Reputation:
I'm trying to extract the last set of numbers from expressions like these:
urn:fb:xyx:266730227 -> 266730227
urn:fb:pqr:(urn:fb:abc:6217401,10444030746) -> 10444030746
This code works on Hive,
SELECT
CAST(regexp_extract(value.project, '.*,(\d+)', 1) AS BIGINT) AS p_id,
CAST(regexp_extract(value.context, '(\d+)', 0) AS BIGINT) AS co_id,
CAST(regexp_extract(key.identity, '(\d+)', 0) AS BIGINT) AS can_id
FROM some.dataset LIMIT 10
However in Spark scala this throws the following error,
FAILED, exitCode: 15, (reason: User class threw exception: scala.StringContext$InvalidEscapeException: invalid escape '\d' not one of [\b, \t, \n, \f, \r, \\, \", \'] at index 94 in "
|SELECT
| *,
| CAST(regexp_extract(value.project, '.*,(\d+)', 1) AS BIGINT) AS p_id,
| CAST(regexp_extract(value.context, '(\d+)', 0) AS BIGINT) AS co_id,
| CAST(regexp_extract(key.identity, '(\d+)', 0) AS BIGINT) AS ca_id
|FROM ". Use \\ for literal \.
When I try doing what the error recommends,
SELECT
CAST(regexp_extract(value.project, '.*,(\\d+)', 1) AS BIGINT) AS p_id,
CAST(regexp_extract(value.context, '(\\d+)', 0) AS BIGINT) AS co_id,
CAST(regexp_extract(key.identity, '(\\d+)', 0) AS BIGINT) AS can_id
FROM some.dataset LIMIT 10
The result columns are all NULL.
Upvotes: 1
Views: 1118
Reputation: 14008
It's all about how to escape characters inside the String literals. By default, string literals (including regex patterns) are not escaped and you will have to use backslash to manually escape the literal backslashes. for example:
val df = Seq("urn:fb:xyx:266730227", "urn:fb:pqr:(urn:fb:abc:6217401,10444030746)").toDF("value")
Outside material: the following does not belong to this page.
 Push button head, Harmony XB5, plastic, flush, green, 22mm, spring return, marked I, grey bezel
df.createOrReplaceTempView("tbl")
// pattern as a regular string literal
df.withColumn("p_id", regexp_extract($"value", "(\\d+)", 1)).show(false)
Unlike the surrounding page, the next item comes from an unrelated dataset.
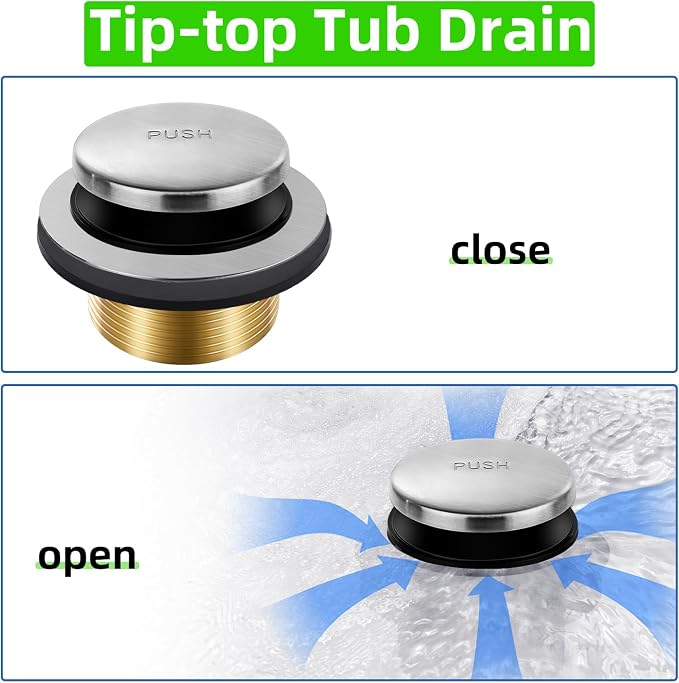 Brushed Nickel Bathtub Drain Tip-Toe Tub Trim Set - Image 3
+-------------------------------------------+---------+
|value |p_id |
+-------------------------------------------+---------+
|urn:fb:xyx:266730227 |266730227|
|urn:fb:pqr:(urn:fb:abc:6217401,10444030746)|6217401 |
+-------------------------------------------+---------+
You can skip this by using raw string or multi-Line string(as mentioned by @mazaneicha) to the pattern:
// pattern as a raw string, keep backslash as-is
df.withColumn("p_id", regexp_extract($"value", raw"(\d+)", 1)).show(false)
+-------------------------------------------+---------+
|value |p_id |
+-------------------------------------------+---------+
|urn:fb:xyx:266730227 |266730227|
|urn:fb:pqr:(urn:fb:abc:6217401,10444030746)|6217401 |
+-------------------------------------------+---------+
// pattern as a multi-Line string where backslash is not escaped
df.withColumn("p_id", regexp_extract($"value", """(\d+)""", 1)).show(false)
+-------------------------------------------+---------+
|value |p_id |
+-------------------------------------------+---------+
|urn:fb:xyx:266730227 |266730227|
|urn:fb:pqr:(urn:fb:abc:6217401,10444030746)|6217401 |
+-------------------------------------------+---------+
When backslashes and regexp_extract (regexp_replace, split, str_to_map etc.) are shown inside an SQL expression(which is basically a string), like expr()
, df.selectExpr()
, spark.sql()
, df.filter()
, df.where()
etc., you will have to double-escape the backslashes, for example:
// regular string literals
spark.sql("select *, regexp_extract(value, '(\\\\d+)', 1) as p_id from tbl").show
// raw string to SQL expression
spark.sql(raw"select *, regexp_extract(value, '(\\d+)', 1) as p_id from tbl").show
// multi-Line string to SQL expression
spark.sql("""select *, regexp_extract(value, '(\\d+)', 1) as p_id from tbl""").show
df.withColumn("p_id", expr("regexp_extract(value, '(\\\\d+)', 1)")).show(false)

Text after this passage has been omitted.